TWO OF the religious congregations which ran Magdalene laundries in the State set up and continue to run the Dublin-based Ruhama agency, which is funded by the State and works “with women affected by prostitution and other forms of commercial sexual exploitation”.
According to its website, the agency receives funding from the Department of Health and the Department of Justice.
Ruhama, which means “renewed life” in Hebrew, is described as “a joint initiative of the Good Shepherd Sisters and the Sisters of Our Lady of Charity, both of which had a long history of involvement with marginalised women, including those involved in prostitution”.
Both congregations refused to meet Justice for Magdalenes, a support group for women who had been in the laundries, including those run by the Good Shepherd Sisters at Limerick, Cork, Waterford and New Ross, and those run by the Sisters of Our Lady of Charity at High Park in Drumcondra and Seán MacDermott Street in Dublin.
In a letter to Justice for Magdalenes spokesman Prof James Smith on June 23rd last year, Sr Sheila Murphy of the Sisters of Our Lady of Charity said she did “not wish to have, nor do I see any purpose in having, a meeting with you at this time”.
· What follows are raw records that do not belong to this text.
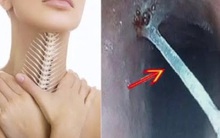 Thủng dạ dày, thực quản vì hóc xương chữa mẹo: Bác sĩ mách 2 việc cần làm khi hóc xương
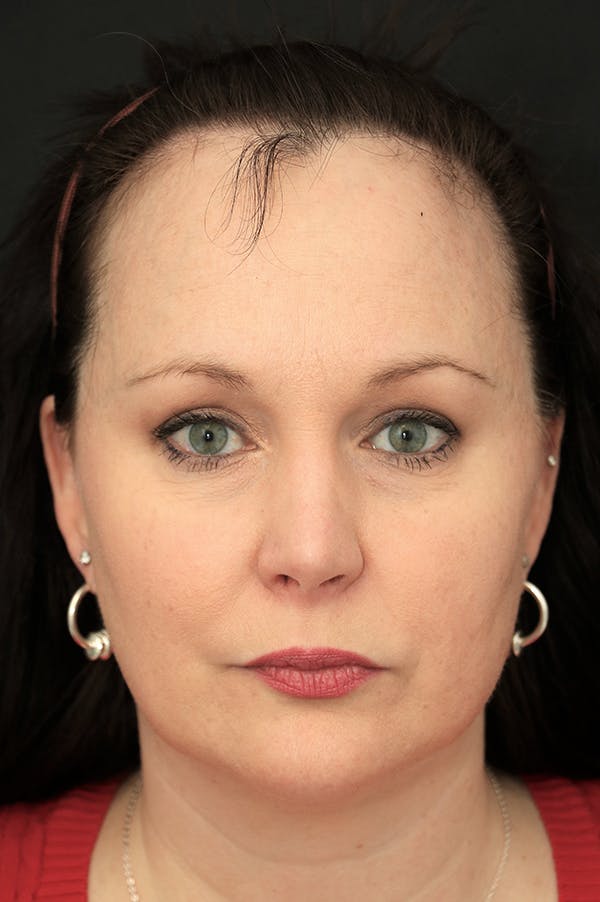 Hairline Advancement Before & After Gallery - Patient 60806870 - Image 1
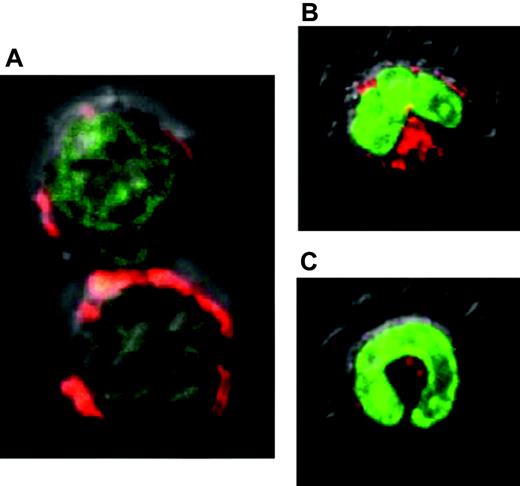 Figure 2. Nuclear localization effect of the GFP-MGMT* fusion protein in marked blood cells. Confocal microscopy image of GFP expression in peripheral blood (A) lymphocytes, (B) monocytes, and (C) granulocytes of in vivo–treated XSCID dog 1547. Note the green nuclei due to nuclear localization effect of MGMT* from the GFP-MGMT* fusion protein. Staining with an (A) anti-CD3 and (B-C) antineutrophil/antimonocyte monoclonal antibody with secondary red-Alexa Fluor–labeling confirms morphologic diagnosis.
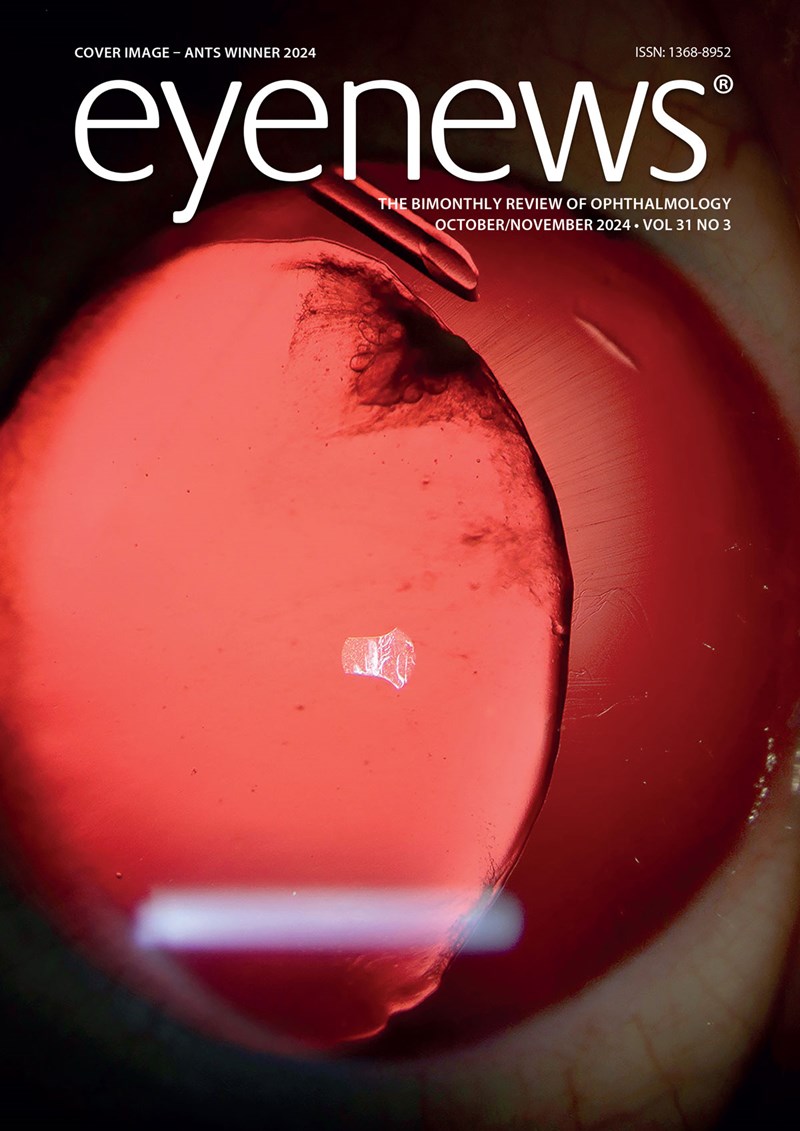 EYE-FRONT-COVER-Vol-31_3_ON24.jpg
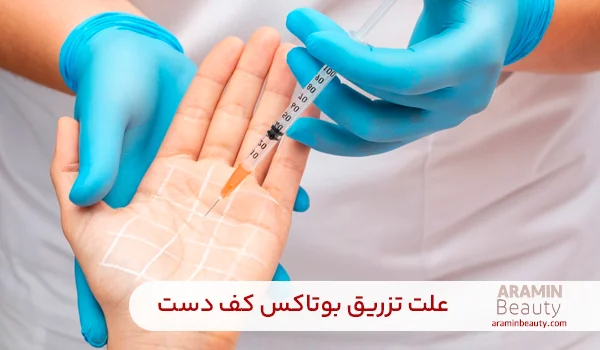 علت بوتاکس کف دست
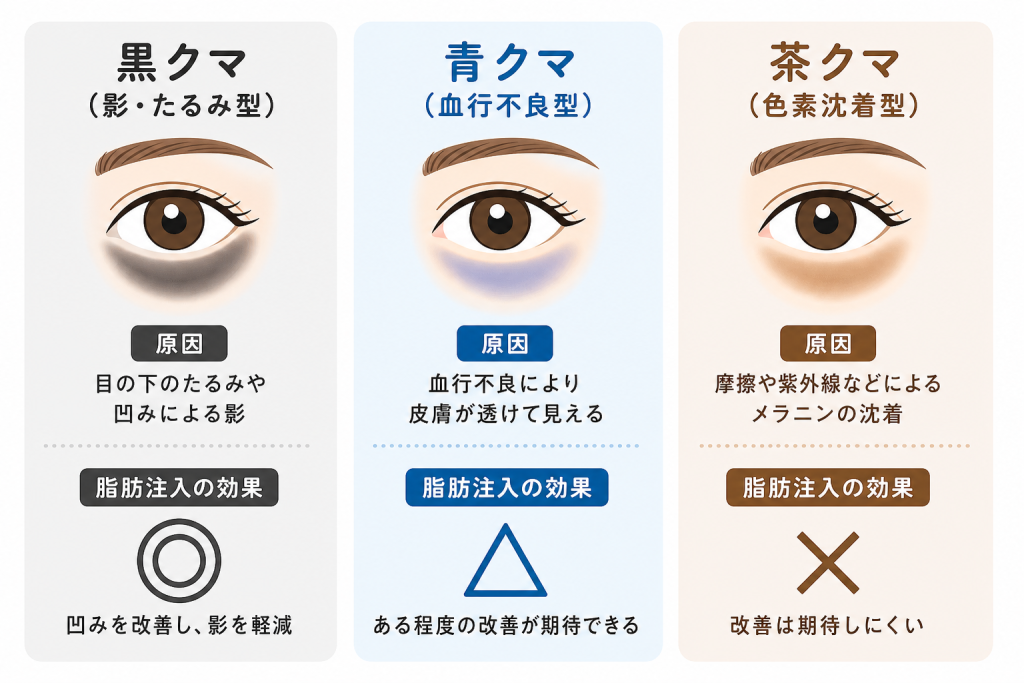 たるみ・小じわが悪化して見えるケース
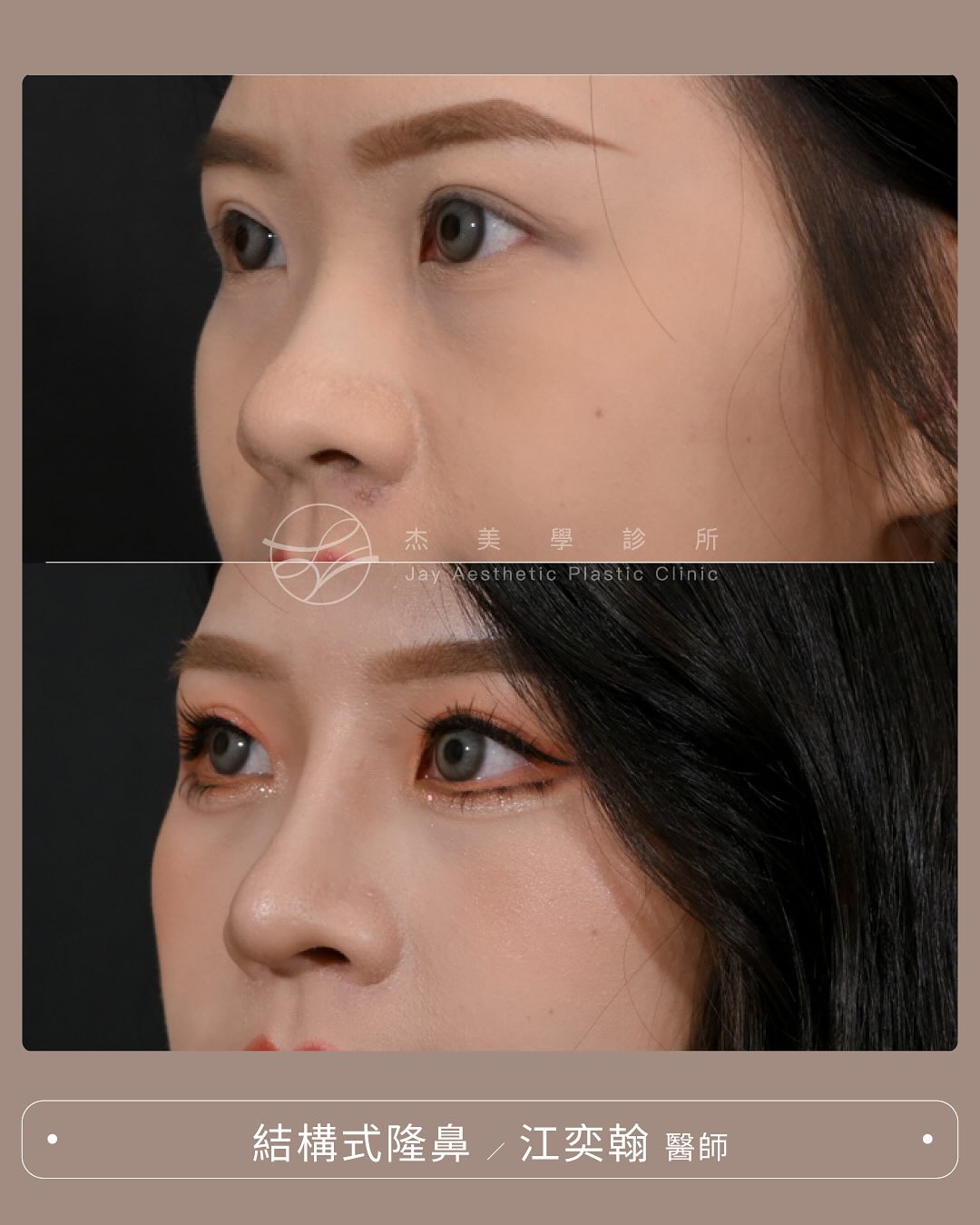 SaveClip.App_565035602_17942939994062937_5493472153348926318_n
In an e-mail of June 17th last year, Sr Bernie McNally of the Good Shepherd Sisters told Prof Smith she would not be able to engage in a meeting with him and “will not be able to respond further”.
Top of the list of Ruhama’s board of directors are Sr Sheila Murphy and Sr Bernadette McNally.
As reported in The Irish Times , figures disclosed to Sinn Féin’s Caoimhghín Ó Caoláin by Minister for Health Dr James Reilly revealed that the Good Shepherd Sisters have received more than €14.4 million from the Health Service Executive since 2006.
No figures were disclosed for what sums the Sisters of Our Lady of Charity received over that period, or for what either order received from the Department of Justice.
Despite selling off extensive properties in Waterford, Cork and Limerick, the Good Shepherd Sisters said, following publication of the Ryan report in 2009, that they had no resources to contribute to the costs of redress for people who had been abused as children in institutions which they had also run.